Exercise brief. This task asks for the lines from the one with "Banded Lapwing" to the final line below, repeated exactly, with pictures omitted.

(Image-caption web data)
● ● ●

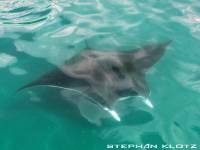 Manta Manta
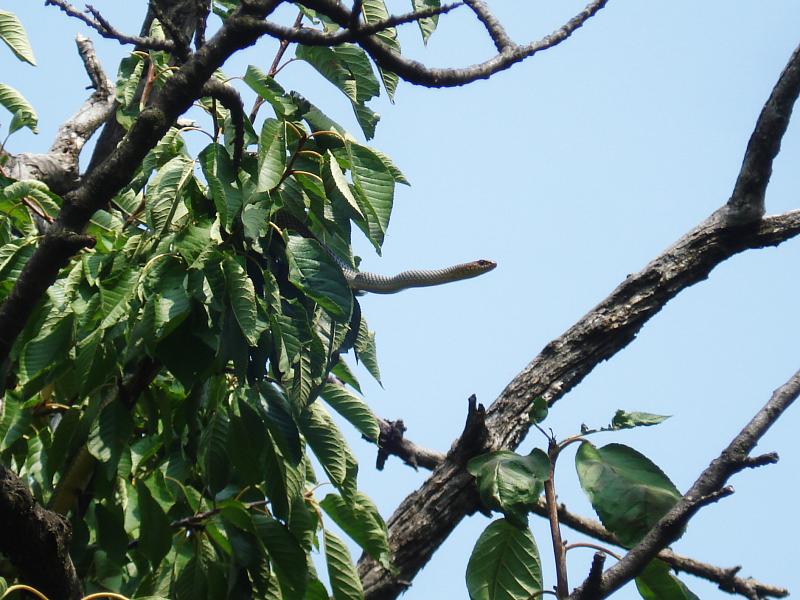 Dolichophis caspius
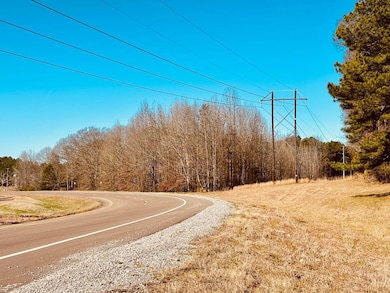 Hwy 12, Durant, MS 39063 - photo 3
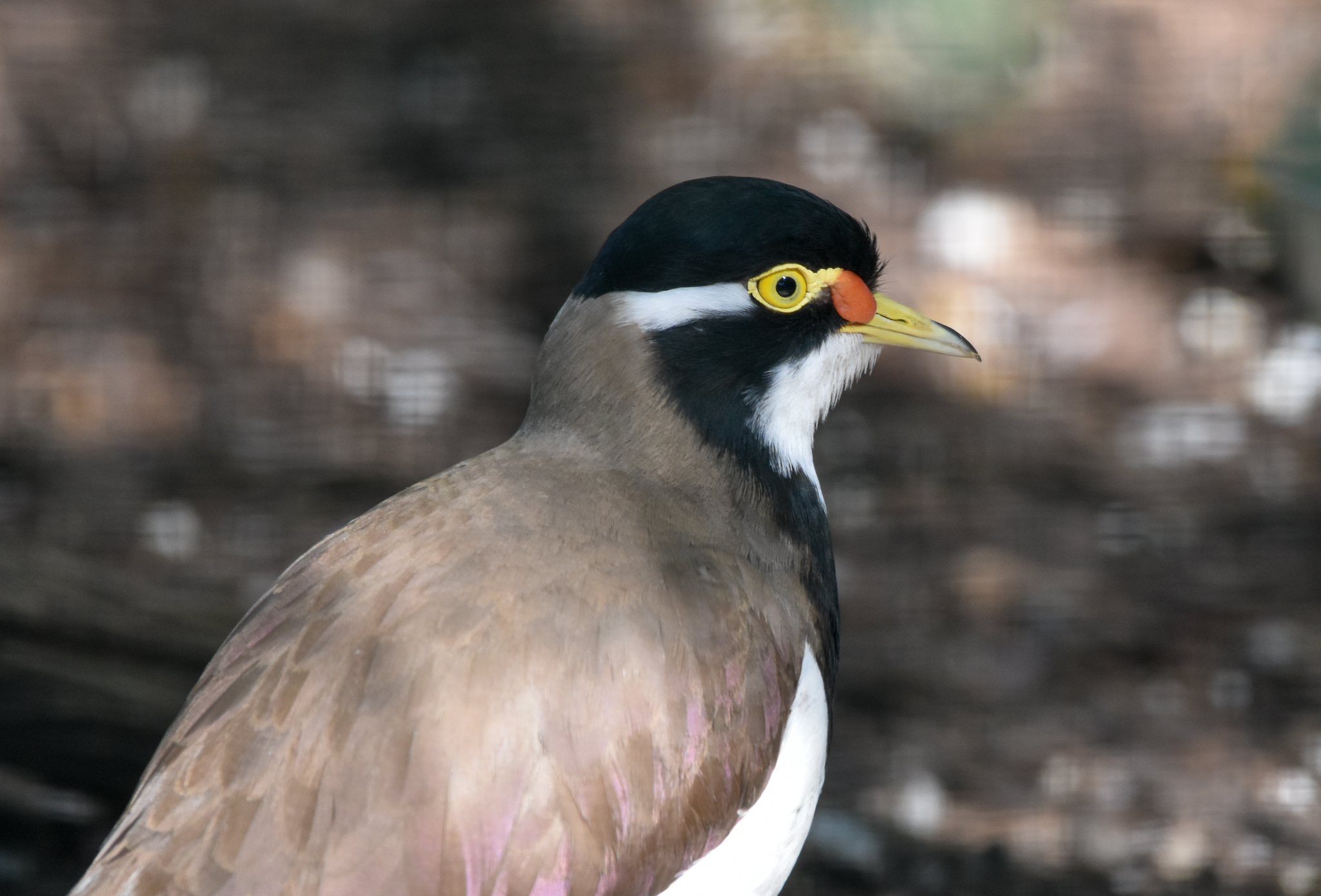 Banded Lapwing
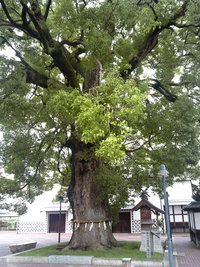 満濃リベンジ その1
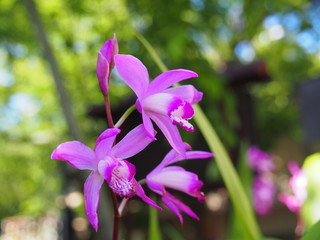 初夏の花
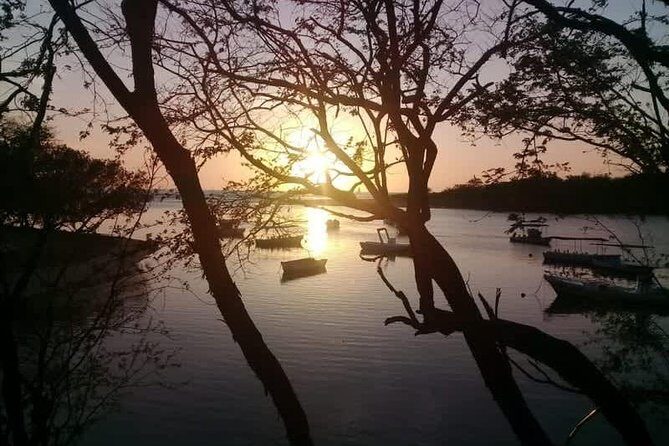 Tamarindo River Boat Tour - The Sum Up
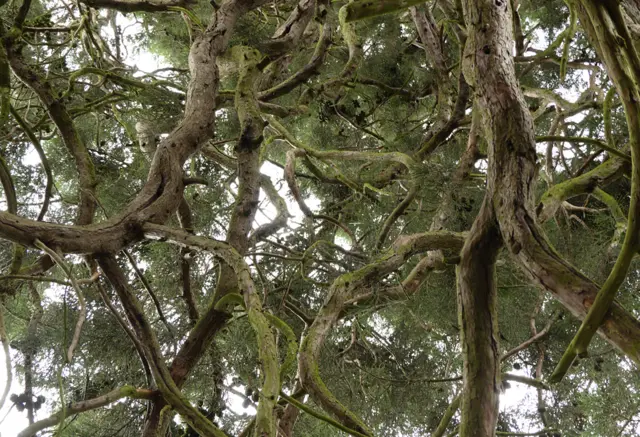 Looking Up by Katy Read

● ● ●

Task response.
 Banded Lapwing
 満濃リベンジ その1
 初夏の花
 Tamarindo River Boat Tour - The Sum Up
 Looking Up by Katy Read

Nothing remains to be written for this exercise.